Why most follow-up fails

The average contractor sends some version of this message: “Hey, just checking in to see if you had any questions about the estimate.”

That message does nothing. It adds no value. It puts the burden on the homeowner to come up with a reason to respond. And it sounds exactly like the message every other contractor sends.

Follow-ups that provide new information get 3x higher response rates than generic check-ins. Every touchpoint needs a reason to exist beyond “I want your money.”

A contractor on r/sweatystartup tracked his follow-up messages for 3 months and found that “just checking in” texts got a 4% response rate while texts that included a photo from a similar completed project got a 22% response rate. Same leads. Same timing. The only difference was whether the message gave the homeowner something new to look at.

The homeowner who got three estimates isn’t ignoring you because they forgot. They’re comparing options, waiting on financing, checking with a spouse, or simply procrastinating on a decision that costs thousands of dollars. Your follow-up needs to address one of those actual reasons for delay.

The right number of follow-ups

Research across industries shows a clear pattern in response rates by attempt number.

Follow-up attempt 1: 30% response rate. This is the contact right after the estimate, typically same day or next morning.

Follow-up attempt 2: 21% response rate. Most contractors stop here.

Follow-up attempt 3: 14% response rate. You’re now ahead of 70% of competitors who already gave up.

Follow-up attempt 4: 10% response rate. Still worth the effort, especially on high-value jobs.

Follow-up attempt 5: 8% response rate. This is where 80% of closed deals finally convert. The cumulative effect of persistence pays off here.

Follow-up attempts 6-8: 4-6% response rate per attempt. These work best as longer-interval touches spaced 2-4 weeks apart.

After 8 touches with no response, you can move the lead to a long-term nurture sequence. But cutting off after 1-2 attempts leaves the majority of your closeable leads on the table.

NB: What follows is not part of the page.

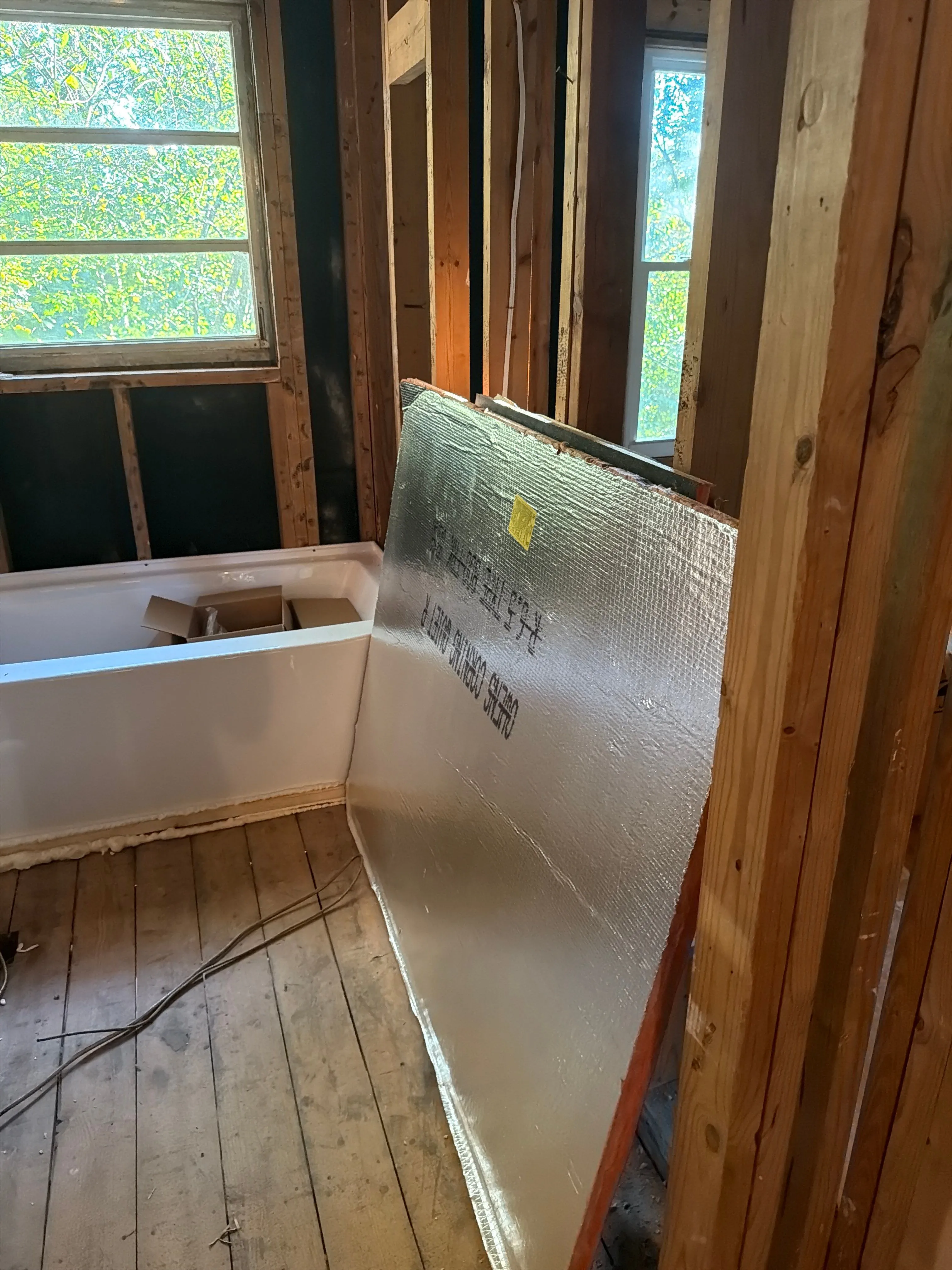 3356 Woodview Dr SE, Smyrna — Bathroom tub installation and unfinished framing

A plumber on Reddit shared that he lost a $14,000 bathroom remodel because he followed up once and assumed the silence meant “no.” Three months later, the homeowner told a mutual friend they’d been waiting for him to call back and ended up hiring someone else. The plumber now follows up at least 6 times over 45 days on any estimate over $3,000.

For a deeper look at what happens when you space these touches correctly from the very first contact, read about the speed-to-lead 5-minute rule.

Spacing your follow-ups

Timing matters as much as content. Too fast and you feel desperate. Too slow and they forget you.

Day 0 (same day as estimate): Thank-you message with a recap of what you discussed. Not a pitch. A confirmation.

Day 1-2: Follow up with one additional piece of value. A photo from a similar project, a link to a financing option, or a detail you forgot to mention during the walkthrough.

Day 4-5: Address a common objection or concern proactively. “A lot of homeowners wonder about [warranty/timeline/process]. Here’s how we handle that.”

Day 7-8: Make a direct but low-pressure ask. “Would it help to schedule a quick call to go over the options?”

Day 14: Provide a seasonal or availability-based reason to decide. “Our schedule is filling up for March, so I wanted to give you a heads up before we book out.”

Day 21-28: Share something genuinely useful, like a maintenance tip related to their issue, a case study, or a relevant blog post.

Day 45+: Move to monthly or bi-monthly touches through a lead nurturing sequence.

What to say instead of “just checking in”

Every follow-up message should pass one test: does this give the homeowner a reason to respond that isn’t just “yes” or “no”?

Here are specific scripts that work, organized by follow-up stage.

After the estimate (Day 0-1)

Text: “Hi [Name], this is [Your Name] from [Company]. Thanks for having us out today. I attached the estimate to this message. One thing I forgot to mention - we include a [warranty detail/cleanup guarantee/specific perk]. Let me know if you have any questions about the scope.”

This works because it provides new information they didn’t have during the walkthrough. It gives them a reason to re-engage without feeling pressured.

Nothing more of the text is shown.